There are two things to collect when reading a book: the insights of the author (things you want to remember) and the insights the book illicits for yourself.

Sometimes the most valuable things about a book are the things you learn. Other times, it’s the rabbit trails that spin off of it, and the things it makes you think about.

In reading a book, your task is to capture both.

1. Highlight, underline, and take notes in the margins

I used to be a strong advocate against this. Now I’m an advocate for it.

I don’t mark fiction, but I mark non-fiction heavily. I use both a highlighter and a pen — highlighter for things I most want to remember, underlines in pen for slightly less pertinent but still relevant points.

I mark down additional notes in the margins — things I want to consider, things a passage reminds me of, or things I want to research later. These notes serve as a mental trigger for me when I go back in and skim my highlights later.

The purpose of highlighting is twofold — to improve my reference ability (to find the things I’m looking for when I want to draw on a book for reference in blog posts or my own writing), and to increase my retention. When the important points are separated and jump out on the page, it makes skimming and refreshing significantly easier.

Reading a book once is work. Highlighting makes it significantly easier the second time around.

2. Do brain dumps

Periodically throughout the course of reading a book, pause and do a quick dump of both notes (things you learned that you want to remember) and things the book has inspired you to think about.

Half the benefit of engaging with new ideas are the rabbit trails they open up for you in your own thought processes. Be ruthless about documenting those too.

My colleague Chuck Grimmett does a brain dump after every chapter. I’m less precise, but I do brain dumps regularly throughout the writing process. Just forcing yourself to stop and actively contemplate what you’re thinking (rather than passively experiencing it without ever pinning it down) greatly enhances the benefit you derive for your reading.

3. Make notes of additional resources

This is a small one, but worth the effort. Every time the author of a book references a thinker, a book or resource, or even an individual they found impactful, I write it down. I create a list of resources I want to dig into from each book I read.

4. Make notes of questions

My favorite habit. I think in questions, which is why I’m partial to it, but I also think it’s an incredibly valuable exercise.

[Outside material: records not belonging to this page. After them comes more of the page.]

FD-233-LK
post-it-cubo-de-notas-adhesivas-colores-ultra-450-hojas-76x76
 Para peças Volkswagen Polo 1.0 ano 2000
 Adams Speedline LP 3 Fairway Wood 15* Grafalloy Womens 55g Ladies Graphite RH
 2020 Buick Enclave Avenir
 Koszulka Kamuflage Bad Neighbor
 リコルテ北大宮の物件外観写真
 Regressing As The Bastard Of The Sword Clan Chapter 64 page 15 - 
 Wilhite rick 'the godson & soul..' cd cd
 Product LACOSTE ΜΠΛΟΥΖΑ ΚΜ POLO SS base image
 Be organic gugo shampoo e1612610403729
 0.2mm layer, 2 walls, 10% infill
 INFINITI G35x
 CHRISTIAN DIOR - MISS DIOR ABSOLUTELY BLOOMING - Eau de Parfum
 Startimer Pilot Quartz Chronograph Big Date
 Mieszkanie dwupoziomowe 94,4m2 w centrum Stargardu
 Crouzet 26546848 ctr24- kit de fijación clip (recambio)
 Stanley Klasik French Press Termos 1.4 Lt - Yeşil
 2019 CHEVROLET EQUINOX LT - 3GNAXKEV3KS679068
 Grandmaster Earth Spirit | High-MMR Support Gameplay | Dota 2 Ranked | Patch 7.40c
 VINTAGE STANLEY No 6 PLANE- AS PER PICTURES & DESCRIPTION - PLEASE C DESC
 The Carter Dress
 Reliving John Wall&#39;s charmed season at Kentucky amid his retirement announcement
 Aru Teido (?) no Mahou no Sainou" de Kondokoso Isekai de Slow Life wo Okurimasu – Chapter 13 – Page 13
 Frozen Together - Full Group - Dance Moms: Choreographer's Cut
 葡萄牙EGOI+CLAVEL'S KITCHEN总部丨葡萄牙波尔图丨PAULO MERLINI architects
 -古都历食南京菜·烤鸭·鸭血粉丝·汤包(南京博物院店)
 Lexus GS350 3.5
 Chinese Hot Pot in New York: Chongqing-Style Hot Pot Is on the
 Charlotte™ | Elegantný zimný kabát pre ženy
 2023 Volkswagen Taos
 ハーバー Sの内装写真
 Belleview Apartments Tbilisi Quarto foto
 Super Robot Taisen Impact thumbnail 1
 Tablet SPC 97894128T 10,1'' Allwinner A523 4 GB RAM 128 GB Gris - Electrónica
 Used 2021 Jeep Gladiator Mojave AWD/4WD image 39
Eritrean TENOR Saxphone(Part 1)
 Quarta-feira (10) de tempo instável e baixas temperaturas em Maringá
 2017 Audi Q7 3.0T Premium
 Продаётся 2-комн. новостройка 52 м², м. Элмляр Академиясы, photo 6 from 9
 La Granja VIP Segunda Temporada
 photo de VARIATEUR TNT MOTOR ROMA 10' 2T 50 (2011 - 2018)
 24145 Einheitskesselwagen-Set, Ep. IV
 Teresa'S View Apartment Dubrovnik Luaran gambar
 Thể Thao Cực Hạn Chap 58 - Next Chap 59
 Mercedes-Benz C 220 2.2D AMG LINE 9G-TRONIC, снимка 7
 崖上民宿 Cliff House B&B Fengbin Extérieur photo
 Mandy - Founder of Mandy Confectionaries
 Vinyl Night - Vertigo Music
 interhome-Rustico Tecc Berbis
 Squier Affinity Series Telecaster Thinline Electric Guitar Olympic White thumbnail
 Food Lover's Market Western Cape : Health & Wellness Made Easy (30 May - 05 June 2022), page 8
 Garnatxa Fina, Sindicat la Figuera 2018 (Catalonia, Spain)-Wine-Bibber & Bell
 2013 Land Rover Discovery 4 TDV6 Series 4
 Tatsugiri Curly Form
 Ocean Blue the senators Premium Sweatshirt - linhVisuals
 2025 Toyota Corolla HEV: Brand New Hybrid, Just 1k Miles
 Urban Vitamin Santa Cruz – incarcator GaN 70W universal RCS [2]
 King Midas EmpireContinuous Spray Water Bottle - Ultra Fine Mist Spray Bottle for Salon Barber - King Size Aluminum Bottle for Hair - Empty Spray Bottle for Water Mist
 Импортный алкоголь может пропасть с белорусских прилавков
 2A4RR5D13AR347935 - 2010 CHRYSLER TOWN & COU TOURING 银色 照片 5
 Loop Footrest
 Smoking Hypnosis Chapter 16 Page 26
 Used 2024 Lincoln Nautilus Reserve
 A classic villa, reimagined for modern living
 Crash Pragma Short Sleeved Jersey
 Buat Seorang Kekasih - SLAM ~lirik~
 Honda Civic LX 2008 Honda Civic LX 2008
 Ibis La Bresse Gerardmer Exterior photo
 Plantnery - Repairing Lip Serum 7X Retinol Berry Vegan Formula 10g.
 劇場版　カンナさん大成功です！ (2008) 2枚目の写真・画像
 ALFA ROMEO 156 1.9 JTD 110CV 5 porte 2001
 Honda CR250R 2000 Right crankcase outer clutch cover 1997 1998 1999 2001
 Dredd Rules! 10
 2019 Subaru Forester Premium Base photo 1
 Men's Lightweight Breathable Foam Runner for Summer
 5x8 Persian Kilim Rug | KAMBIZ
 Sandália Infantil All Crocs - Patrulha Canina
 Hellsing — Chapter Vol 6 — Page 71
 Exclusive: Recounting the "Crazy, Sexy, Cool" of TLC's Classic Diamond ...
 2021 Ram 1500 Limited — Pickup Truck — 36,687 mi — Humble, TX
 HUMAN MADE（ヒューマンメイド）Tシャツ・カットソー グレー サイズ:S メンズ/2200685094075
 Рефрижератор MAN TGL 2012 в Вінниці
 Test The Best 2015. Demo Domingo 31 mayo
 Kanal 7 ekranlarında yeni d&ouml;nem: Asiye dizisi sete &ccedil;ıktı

Be on the lookout for questions — constantly. When you read a paragraph you find interesting, look at it as a stand-alone piece of information (rather than part of a narrative), and ask yourself — what else do I want to know about this? If someone phrases something in an interesting way, do you want to know why? If someone has an interesting outlook on something, do you wonder where it came from? If you’ve experienced something contrary to what the author argues, do you wonder what they’d say in response to your experience if you were to share it with them?

Write these things down, and then seek out the answers. Read, research, google — or just contemplate the possibilities.

5. Treat the experience as conversation

On the same note as asking questions — engage in conversation.

When you read a book without questions, you’re a passive listener. You’re being talked at, not with. You’re expecting the book to do the heavy lifting, not doing the work yourself to bring your own thoughts, ideas, and arguments to the table, and see what parallels can be drawn between the book’s points and your own.

When you ask questions, you force your mind to engage. You read not just the lines, but between them, and the potential that lies therein.

Treat a book not as a lecture, but as a conversation, with yourself as the less knowledgeable party (but an active player in the process).

Also remember — the goal of a good conversation isn’t to hear yourself talk (with the exception of sharpening your ability to cleanly articulate things) — but rather, to ask the right questions to discern a deeper understanding of the point being made. Don’t just repeat things you already know; that doesn’t push you to grow. Instead, engage with the things you don’t, and seek to understand them.